-- DATA follows --
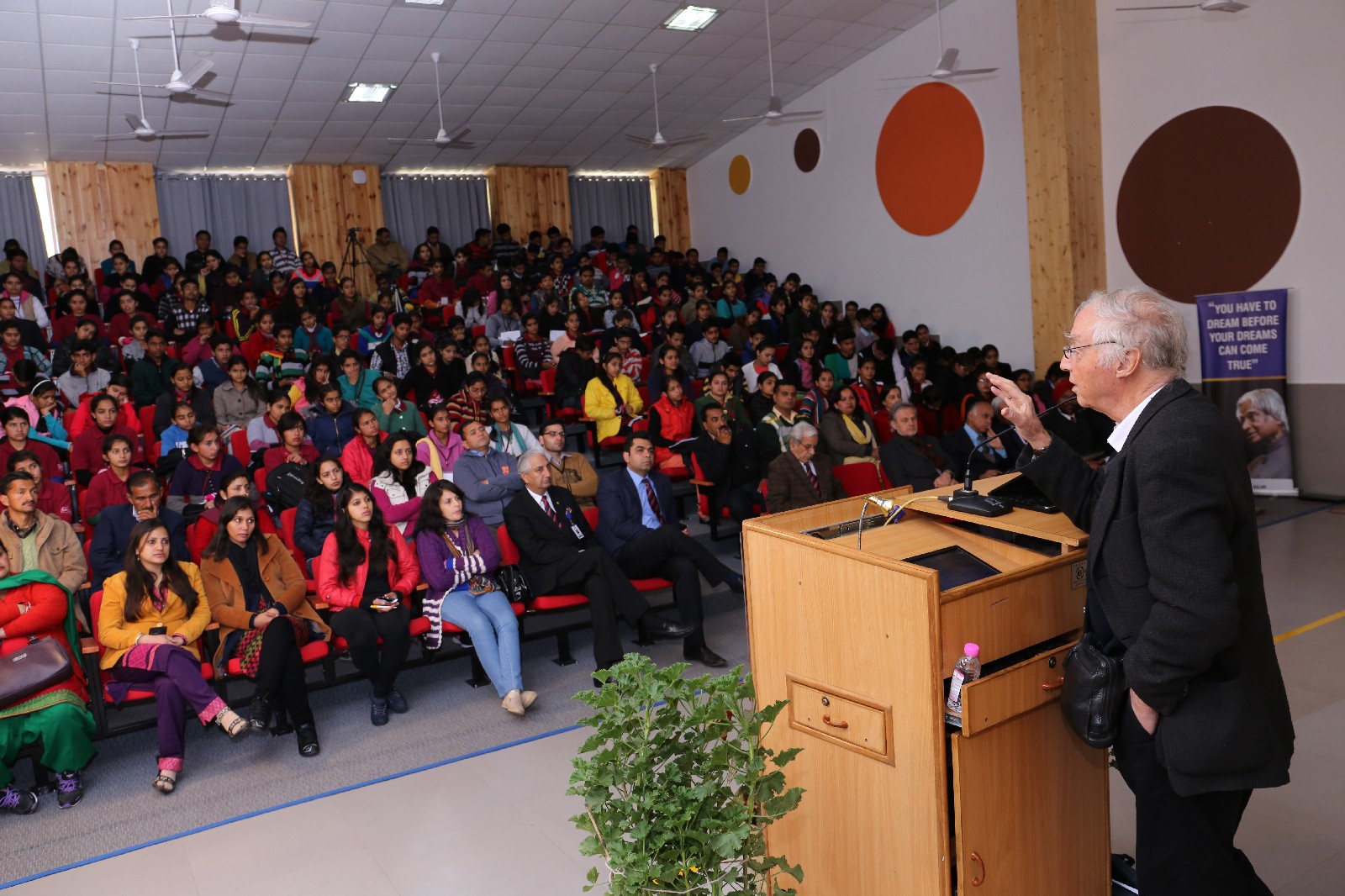 Robert Huber lecturing in the Guru Series of Lecture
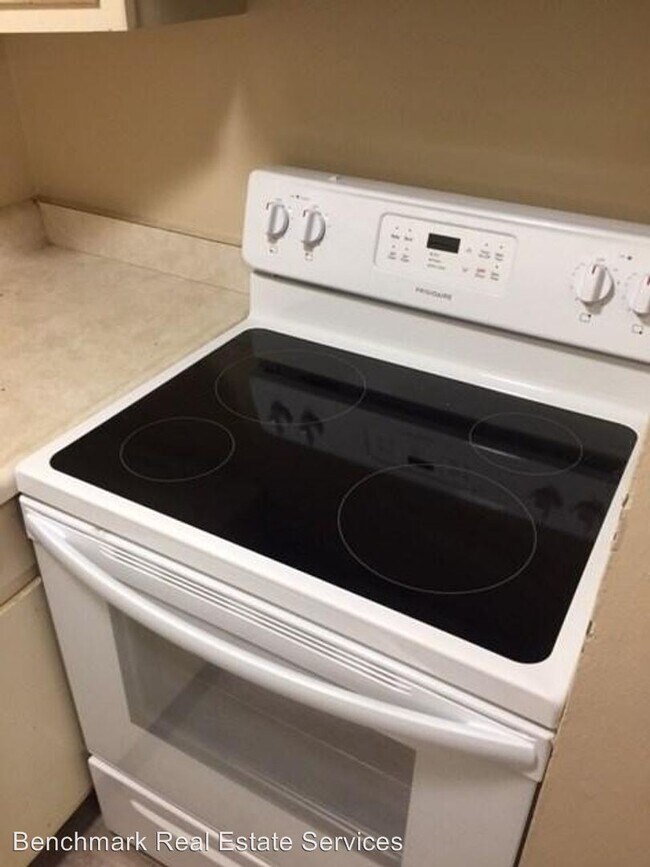 Foto del edificio - 1 br, 1 bath Apartment - 2303 Columbia Ct.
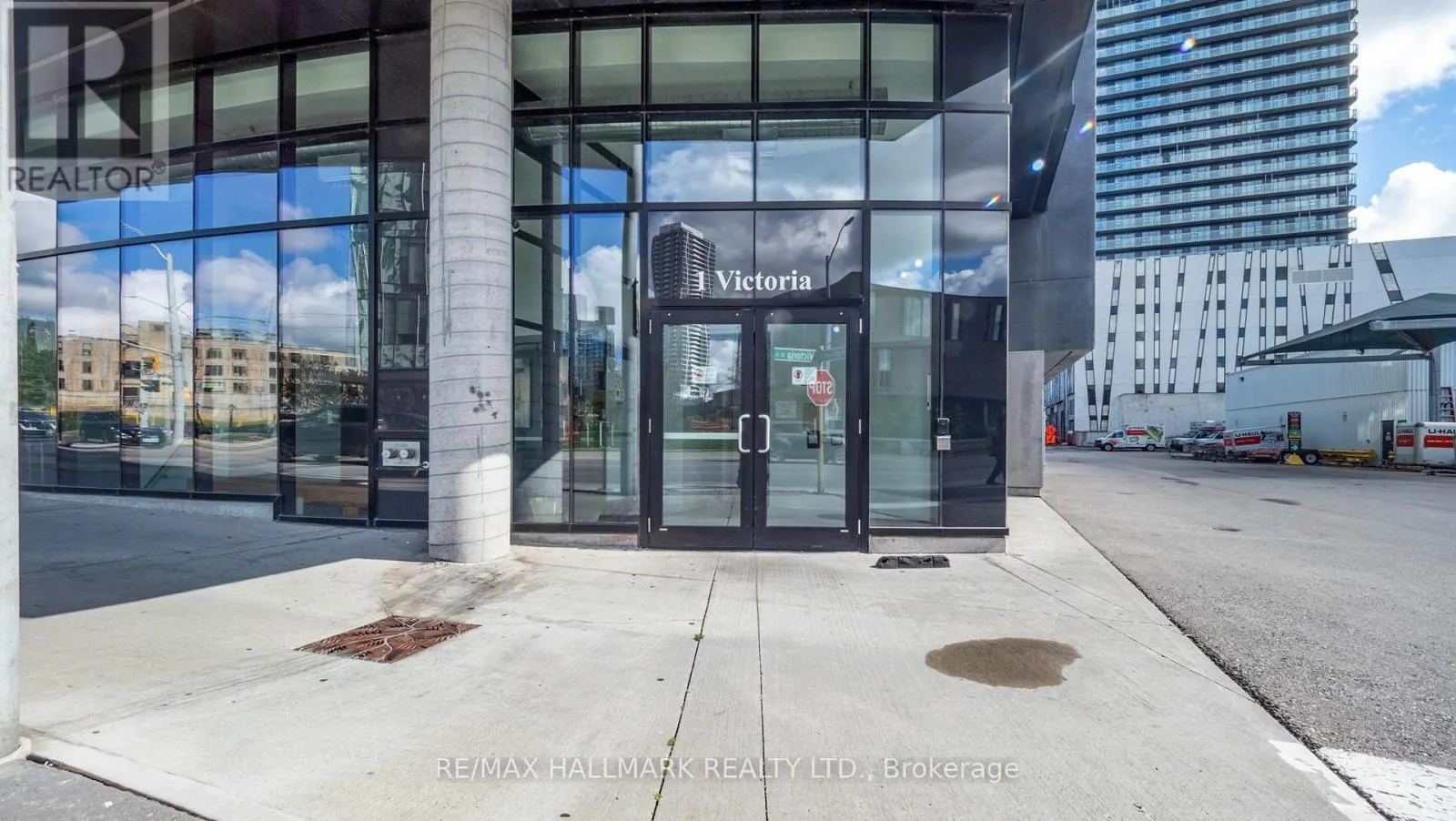 711 - 1 VICTORIA STREET S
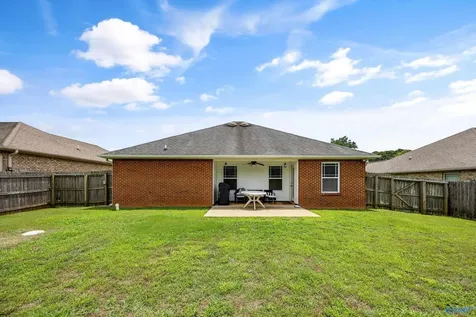 107 Summerset Lane Huntsville AL 35811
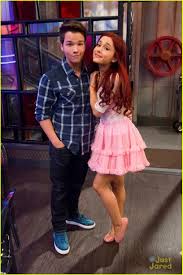 S1 Ep23 Thekillertunajump Freddie Jade Robbie Freddie And Cat Cat Valentine Outfits Sam And Cat Cat Valentine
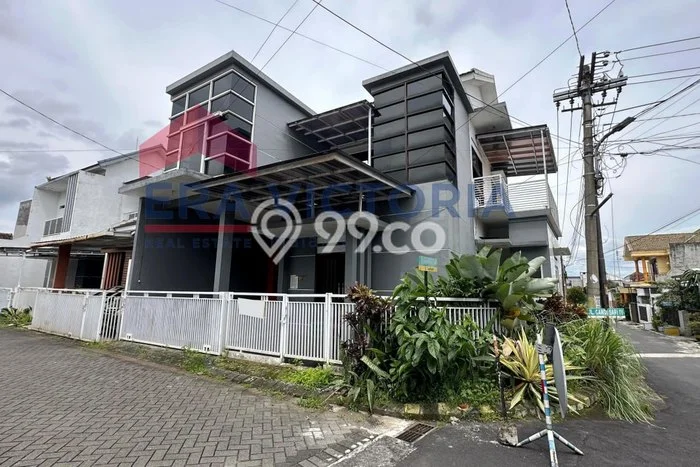 Disewakan Segera Rumah Kondisi Baik di Kawasan Lowokwaru, Malang Disewakan Segera Rumah Kondisi Baik di Kawasan Lowokwaru, Malang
-- DATA concluded --
◆ **EXERCISE**
Please output only the lines running from the one that holds "Foto del edificio" through the last line of the entries, both ends included, without any images.

◆ **SOLUTION TO THIS EXERCISE**
 Foto del edificio - 1 br, 1 bath Apartment - 2303 Columbia Ct.
 711 - 1 VICTORIA STREET S
 107 Summerset Lane Huntsville AL 35811
 S1 Ep23 Thekillertunajump Freddie Jade Robbie Freddie And Cat Cat Valentine Outfits Sam And Cat Cat Valentine
 Disewakan Segera Rumah Kondisi Baik di Kawasan Lowokwaru, Malang Disewakan Segera Rumah Kondisi Baik di Kawasan Lowokwaru, Malang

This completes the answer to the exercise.